(TASK BRIEF):
Please transcribe all of the entries exactly, leaving out any images.
==*==
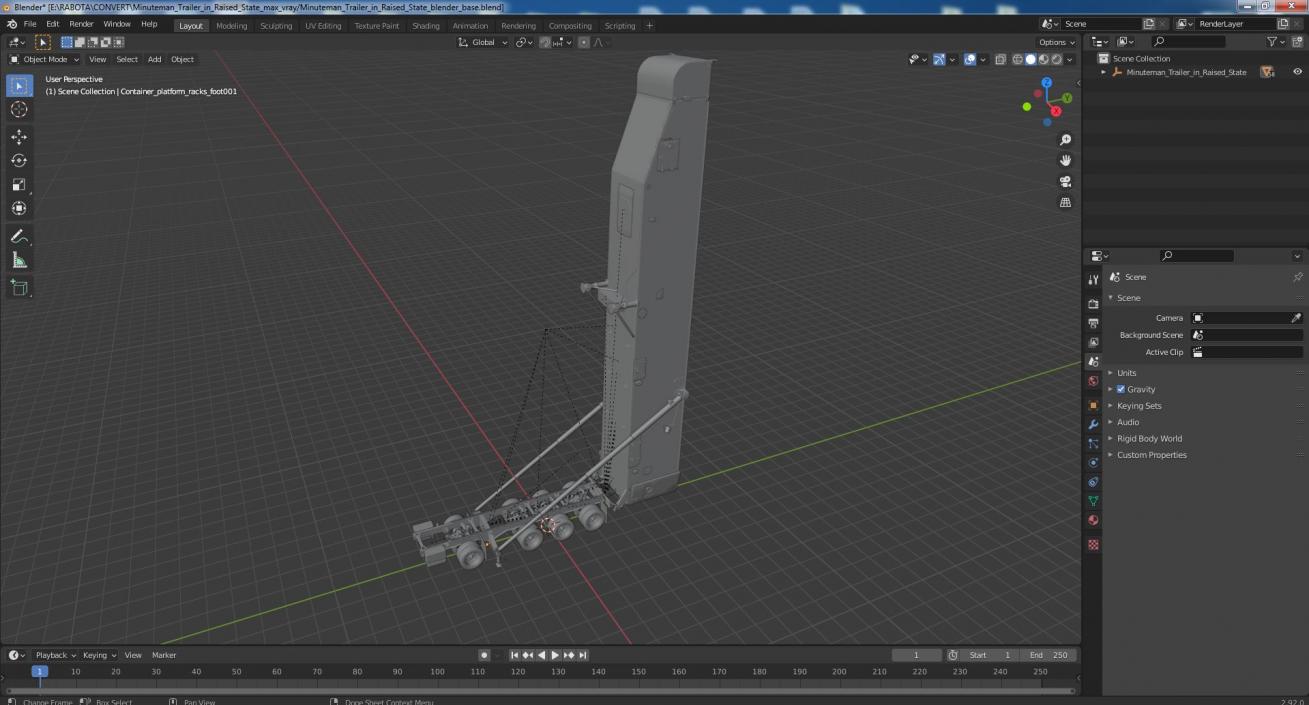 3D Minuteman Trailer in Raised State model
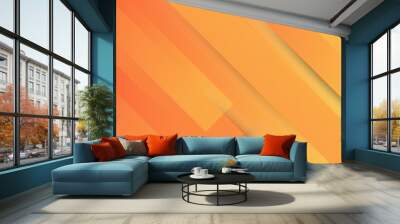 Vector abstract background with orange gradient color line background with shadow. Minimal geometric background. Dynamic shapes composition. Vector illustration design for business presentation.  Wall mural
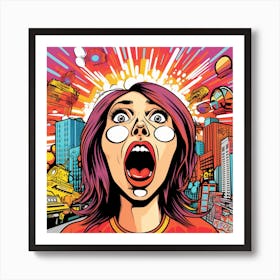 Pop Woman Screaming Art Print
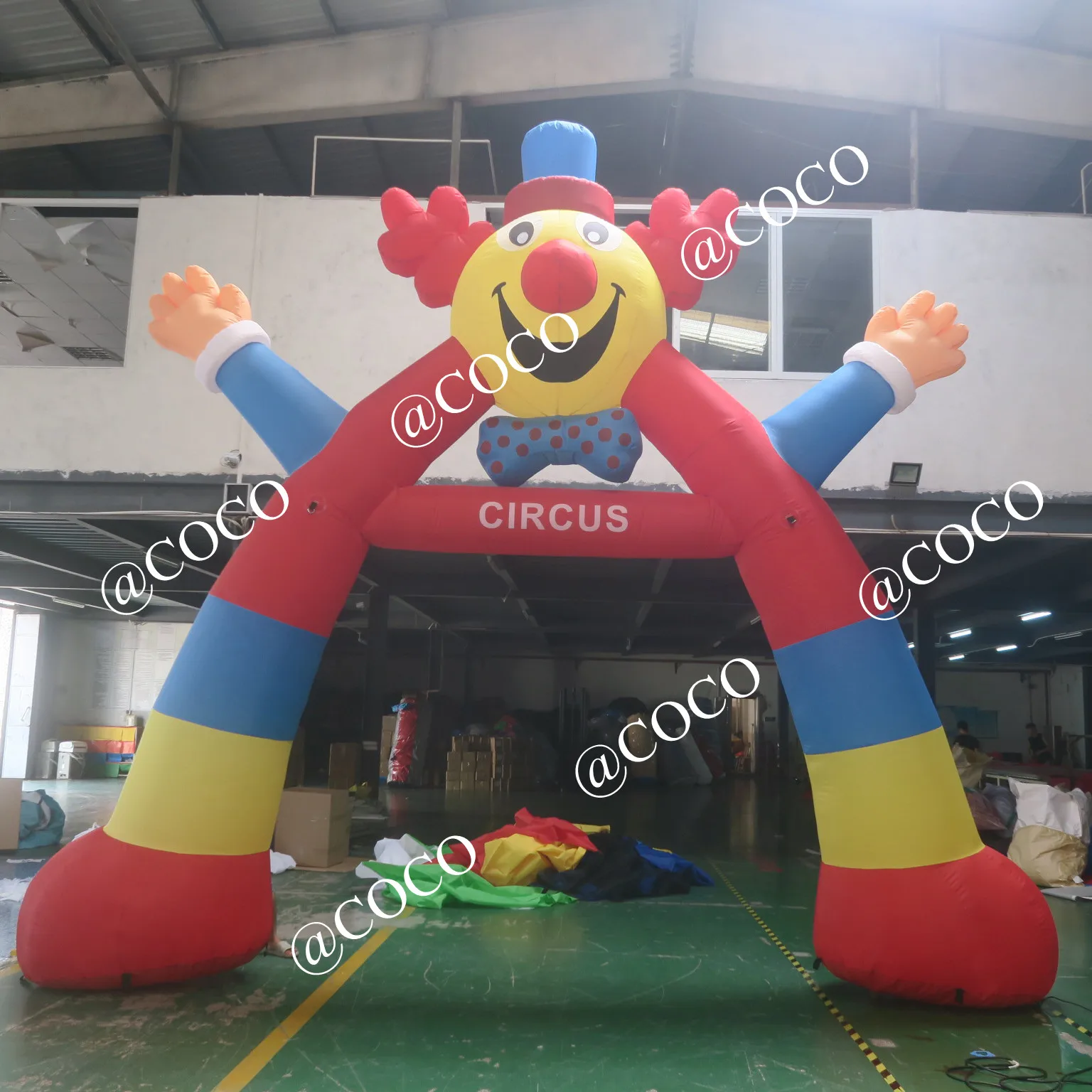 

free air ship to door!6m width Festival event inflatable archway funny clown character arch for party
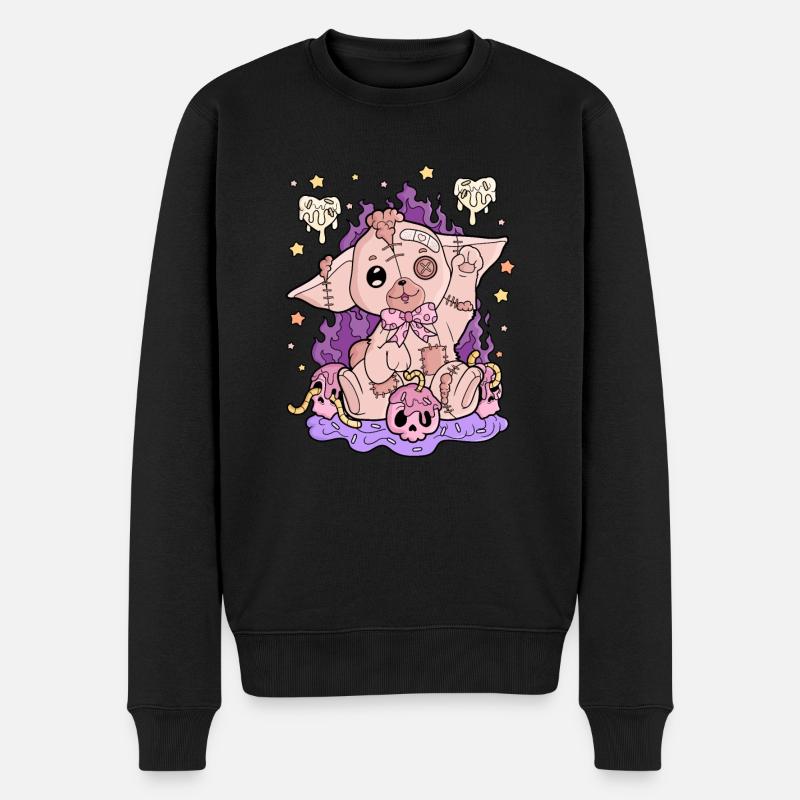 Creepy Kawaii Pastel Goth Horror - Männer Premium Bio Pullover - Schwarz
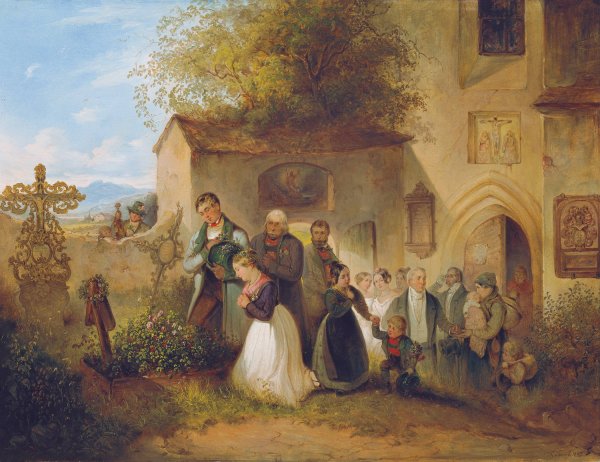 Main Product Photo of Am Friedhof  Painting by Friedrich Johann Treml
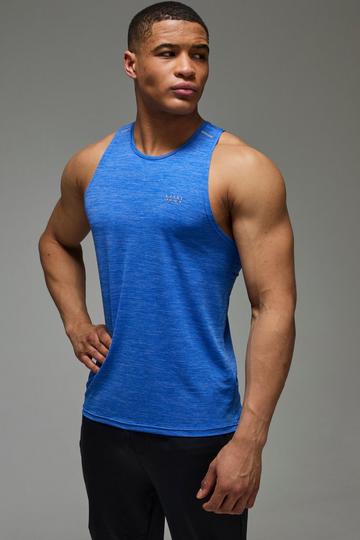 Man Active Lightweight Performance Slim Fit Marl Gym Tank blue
==*==
(WRITTEN RESPONSE):
 3D Minuteman Trailer in Raised State model
 Vector abstract background with orange gradient color line background with shadow. Minimal geometric background. Dynamic shapes composition. Vector illustration design for business presentation.  Wall mural
 Pop Woman Screaming Art Print

free air ship to door!6m width Festival event inflatable archway funny clown character arch for party
 Creepy Kawaii Pastel Goth Horror - Männer Premium Bio Pullover - Schwarz
 Main Product Photo of Am Friedhof  Painting by Friedrich Johann Treml
 Man Active Lightweight Performance Slim Fit Marl Gym Tank blue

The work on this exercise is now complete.